Top of Extracted entries

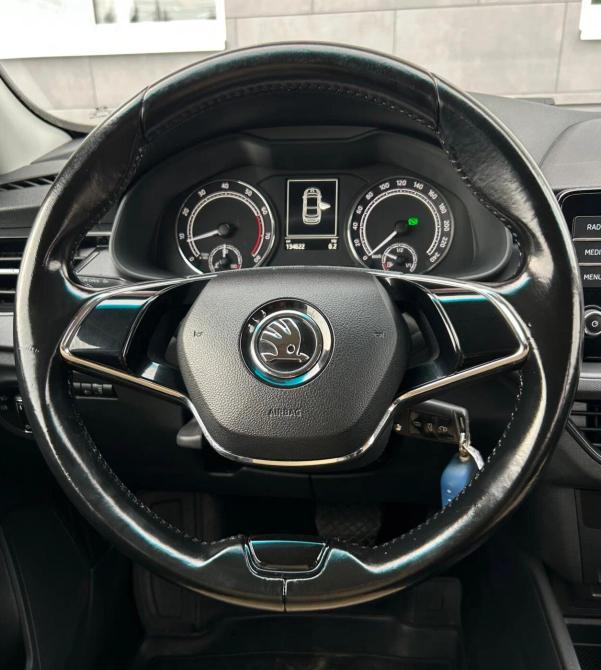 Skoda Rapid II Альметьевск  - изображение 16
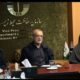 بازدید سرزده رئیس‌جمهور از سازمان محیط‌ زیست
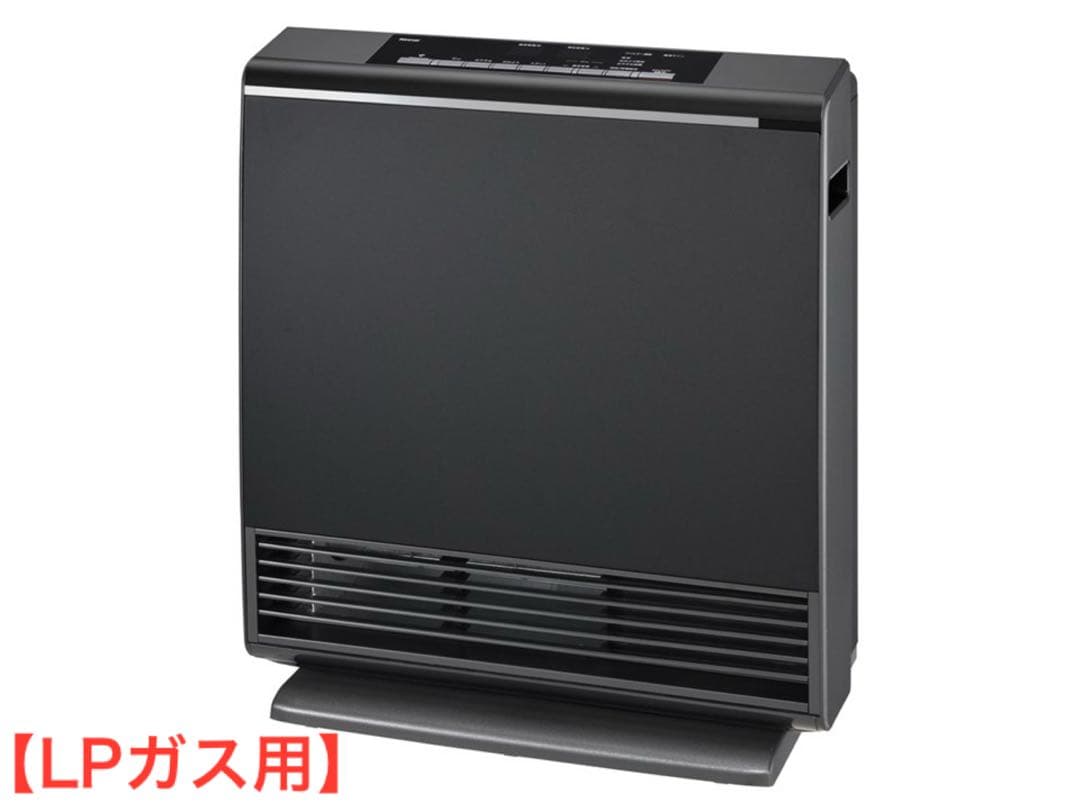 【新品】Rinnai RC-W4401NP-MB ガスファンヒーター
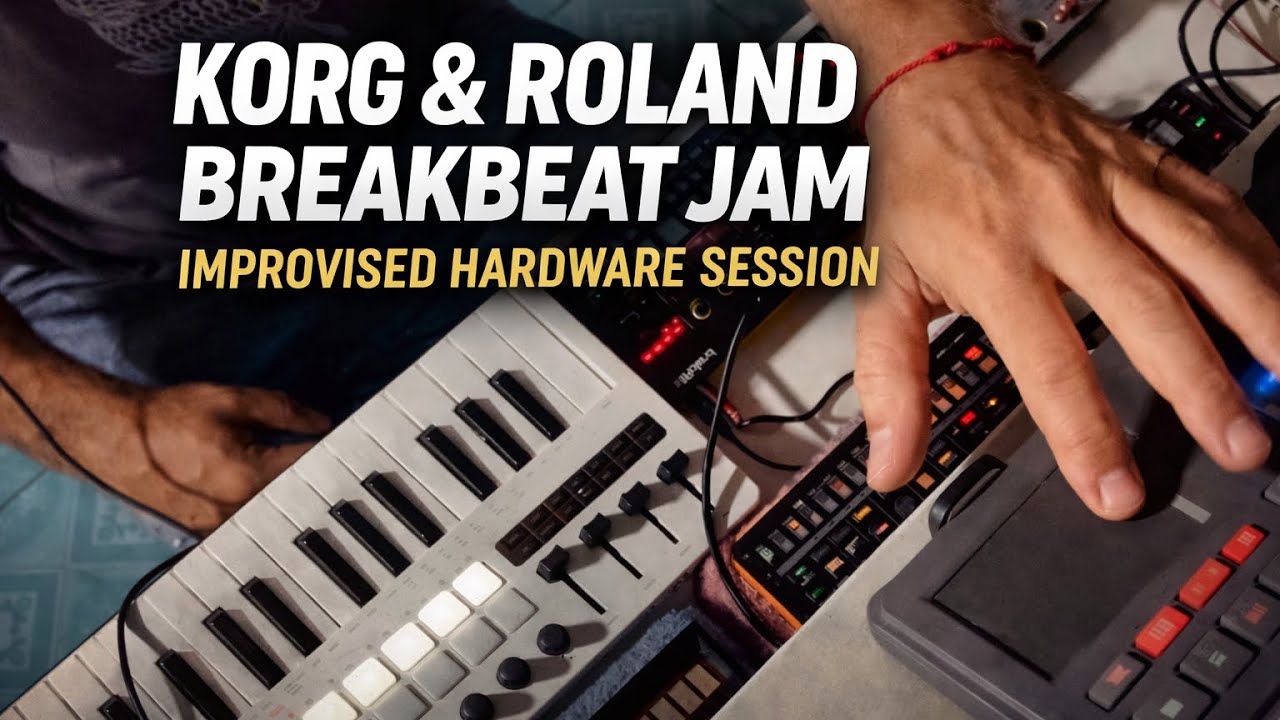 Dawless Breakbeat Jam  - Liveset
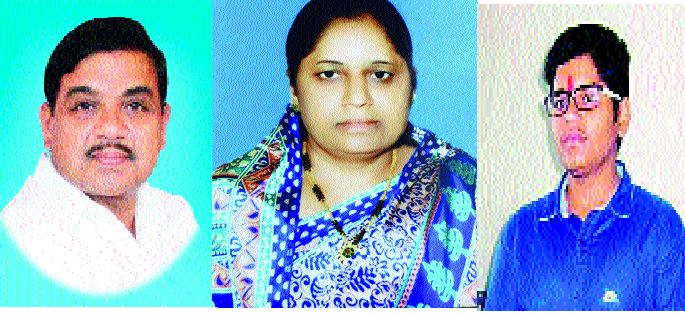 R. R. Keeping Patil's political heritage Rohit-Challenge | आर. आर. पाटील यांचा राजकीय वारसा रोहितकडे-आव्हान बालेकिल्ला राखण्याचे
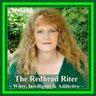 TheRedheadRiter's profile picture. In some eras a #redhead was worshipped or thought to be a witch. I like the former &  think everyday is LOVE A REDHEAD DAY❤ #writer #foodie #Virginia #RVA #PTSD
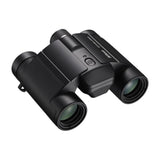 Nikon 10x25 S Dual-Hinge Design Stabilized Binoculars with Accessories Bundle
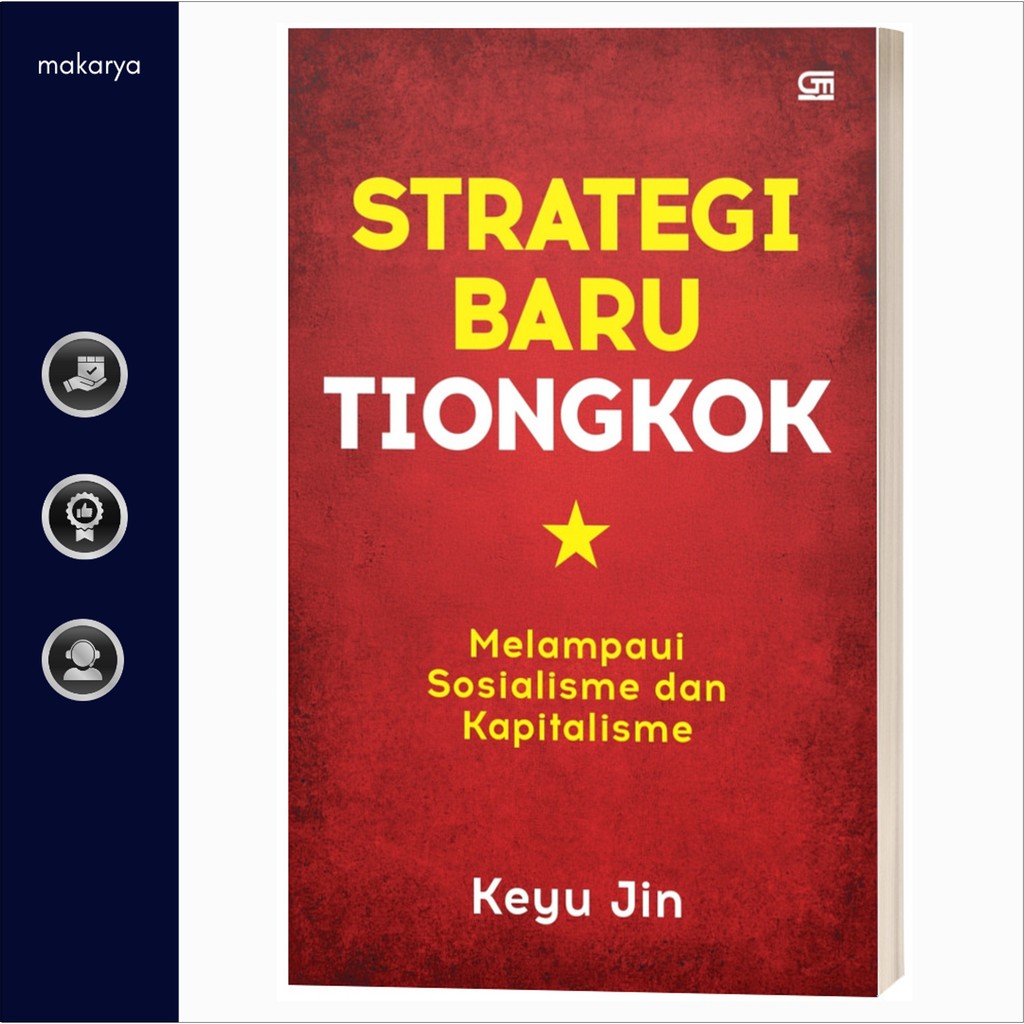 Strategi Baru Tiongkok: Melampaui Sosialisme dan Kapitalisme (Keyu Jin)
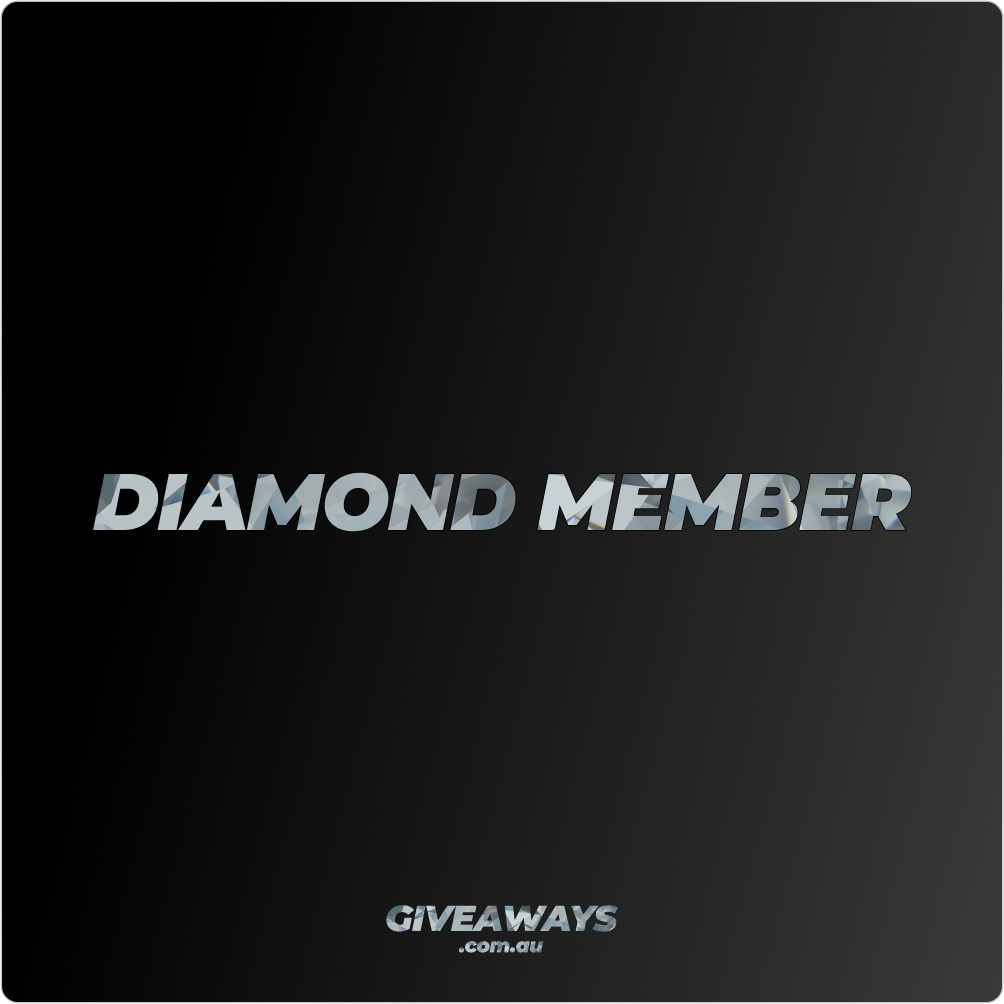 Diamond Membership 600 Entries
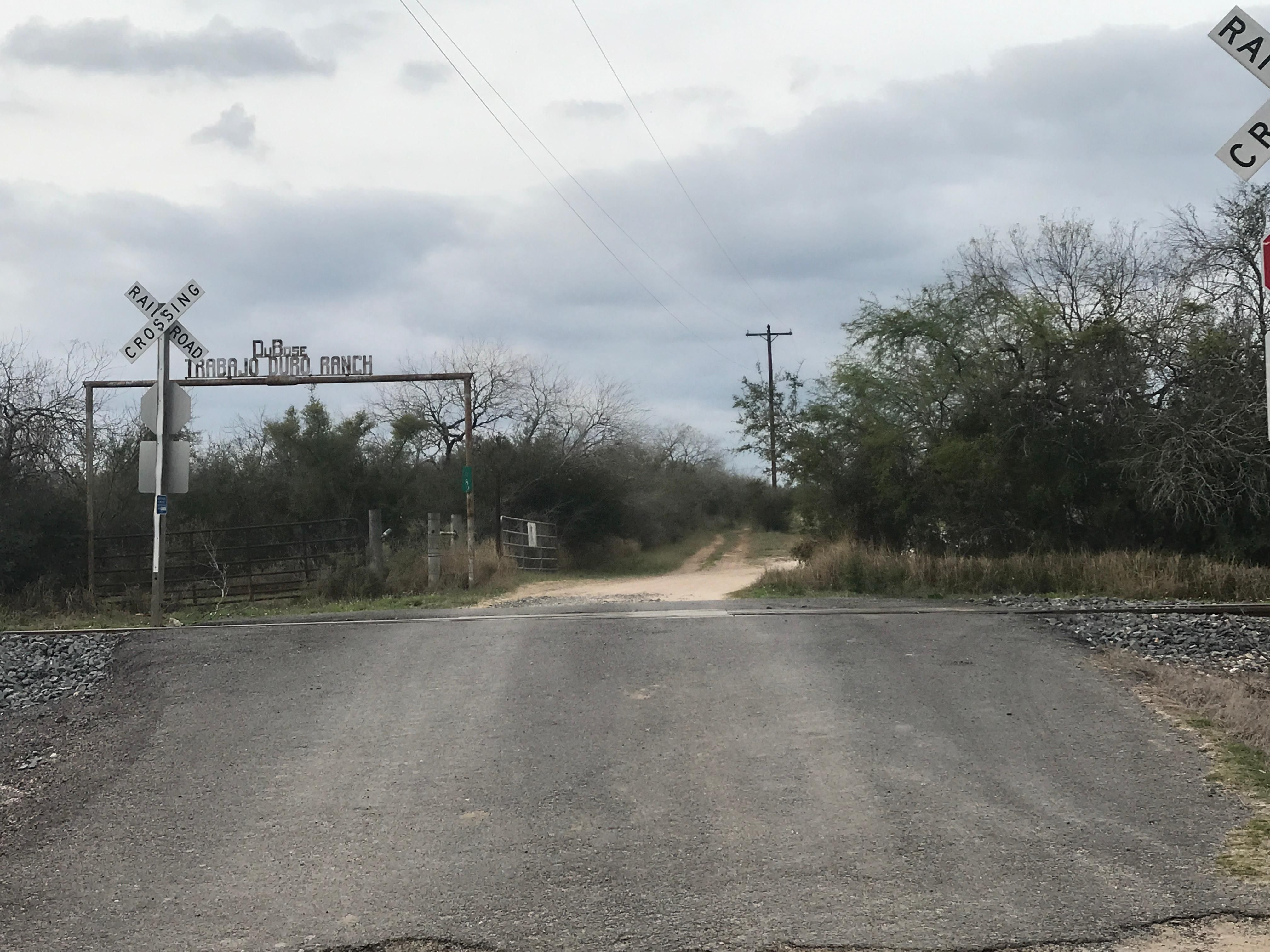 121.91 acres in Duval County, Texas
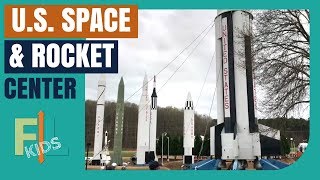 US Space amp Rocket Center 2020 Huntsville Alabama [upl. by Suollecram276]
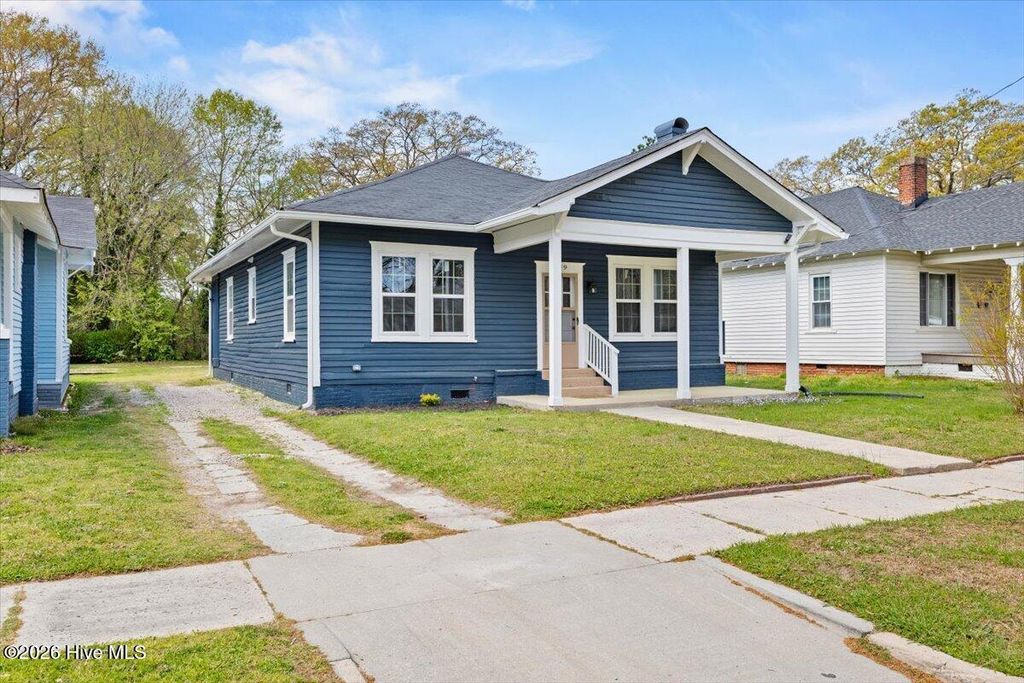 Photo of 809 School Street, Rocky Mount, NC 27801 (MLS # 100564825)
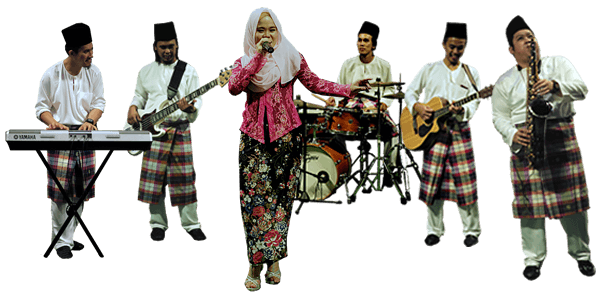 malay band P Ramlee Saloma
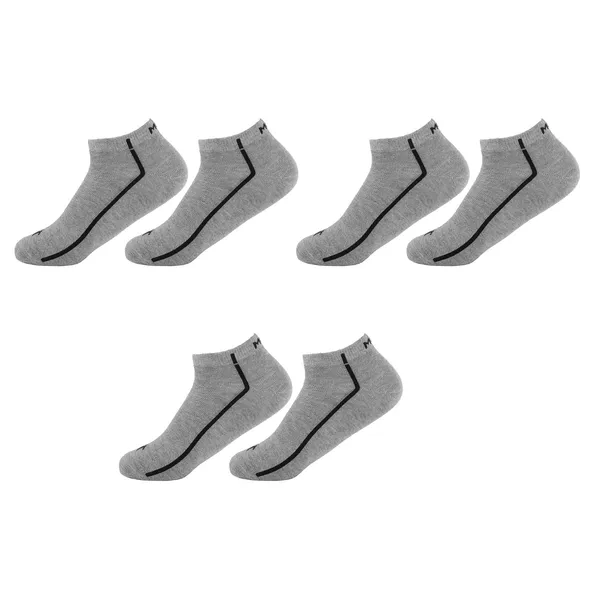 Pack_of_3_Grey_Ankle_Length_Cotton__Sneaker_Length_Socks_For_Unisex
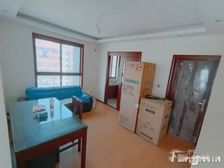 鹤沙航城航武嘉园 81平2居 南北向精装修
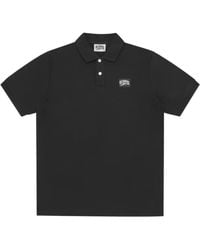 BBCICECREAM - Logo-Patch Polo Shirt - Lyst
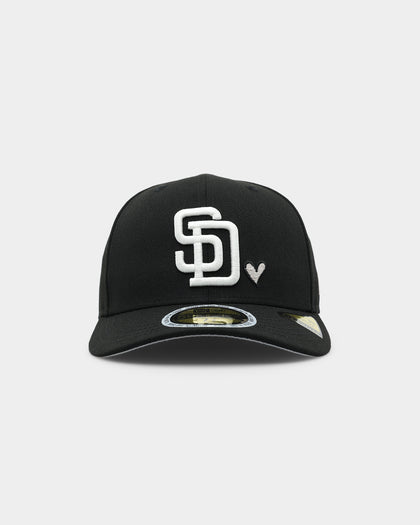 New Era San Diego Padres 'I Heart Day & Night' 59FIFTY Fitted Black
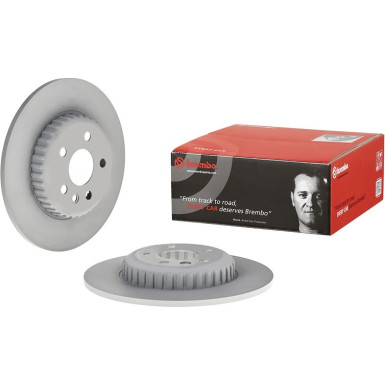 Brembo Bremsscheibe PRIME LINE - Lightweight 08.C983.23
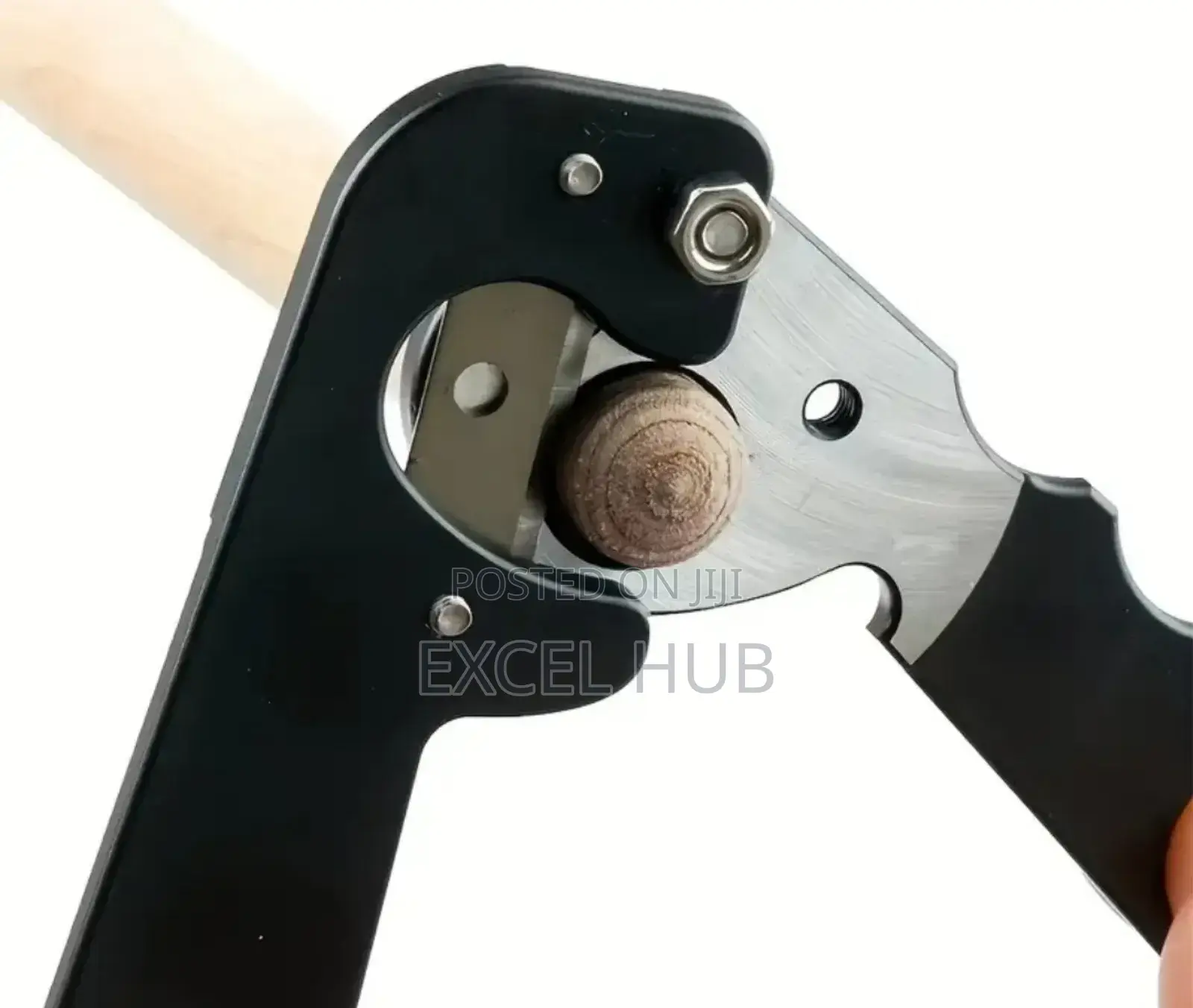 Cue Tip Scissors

Bottom of Extracted entries

- Task directions
Nothing outside the stretch above, from the line with "Dawless Breakbeat Jam" through the line with "R. R. Keeping", is set down. Transcribe that stretch exactly, ends included, but not its pictures.

- Solution
 Dawless Breakbeat Jam  - Liveset
 R. R. Keeping Patil's political heritage Rohit-Challenge | आर. आर. पाटील यांचा राजकीय वारसा रोहितकडे-आव्हान बालेकिल्ला राखण्याचे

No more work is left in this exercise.